Furthermore, it focuses on the reasons of and remedies for terrorism, while emphasizing
some sensitive points during the struggle against terror.

Key Words: Anarchy, anarchism, terror, terrorism, state, regime,
racism, imperialism, democracy

Dipnotlar

1. Hayat Küçük Ansiklopedi, "Anarşizm" Maddesi.

2. Ana Britannica, "Terör" Maddesi.

3. Yayla, Atilla, "Uluslararası Terörizmin Sebepleri", Uluslararası Terörizm
ve Gençlik Sempozyumu Bildirileri, Cumhuriyet Üniversitesi Yayınları, Sivas 1985,
s. 112 (Laqueur, Walter, Terrorizm, Little Brown an Company, Boston 1977, s. 5'ten
naklen).

4. Sungur, Mustafa, Anarşi, Sebep ve Çareleri, Yeni Asya Yayınları, İstanbul
1978, s. 208.

5. Bediüzzaman Said Nursî, Mektûbât, Yeni Asya Neşriyat (Almanya Baskısı) 1994,
s. 313.

6. Kevorkyan, Dikran, "Ermeni Terörizmine Karşı Yapılması Gereken Yayınlar",
Uluslararası Terörizm ve Gençlik Sempozyumu Bildirileri, s. 47-48 (Langer, William,
Emperyalizmin Diplomasisi, s. 149'dan naklen).

7. Bkz.
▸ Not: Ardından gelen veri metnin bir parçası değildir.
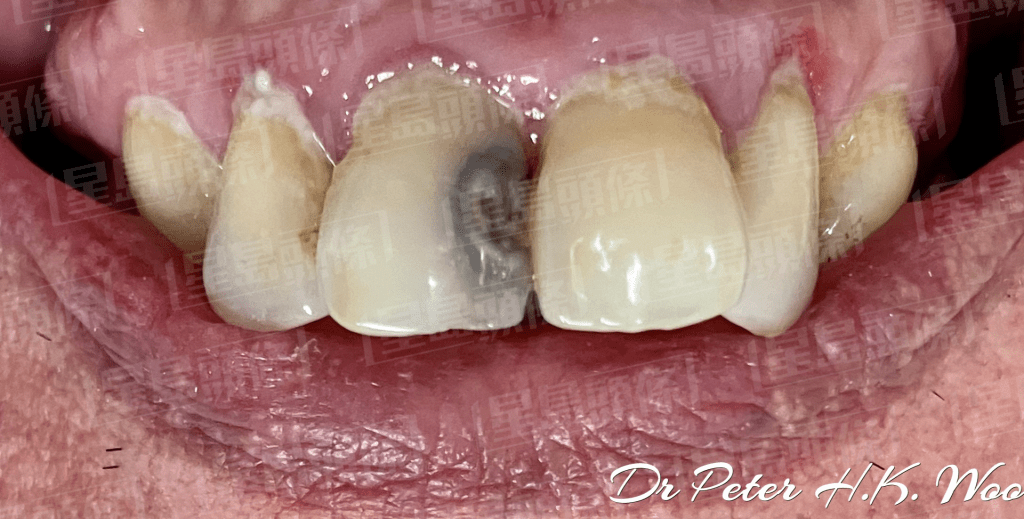 醫生指出，患者待蛀牙情況較嚴重時才求醫，幸好是次能以補牙方法挽救。（相片來源：牙科醫生胡瀚鈞）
Kuran, Ercüment, "ABD'de Türk Aleyhtarı Ermeni Propagandası", Uluslararası
Terörizm ve Gençlik Sempozyumu Bildirileri, s. 55-59.

8. Bediüzzaman Said Nursî, Tarihçe-i Hayatı, Yeni Asya Neşriyat (Almanya Baskısı)
1994, s. 36.

9. Yayla, a.g.m., s. 117.

10. Mert, Nuray, İslâm ve Demokrasi, İz Yayıncılık, s. 45.

11. Bediüzzaman, Tarihçe-i Hayatı, s. 492.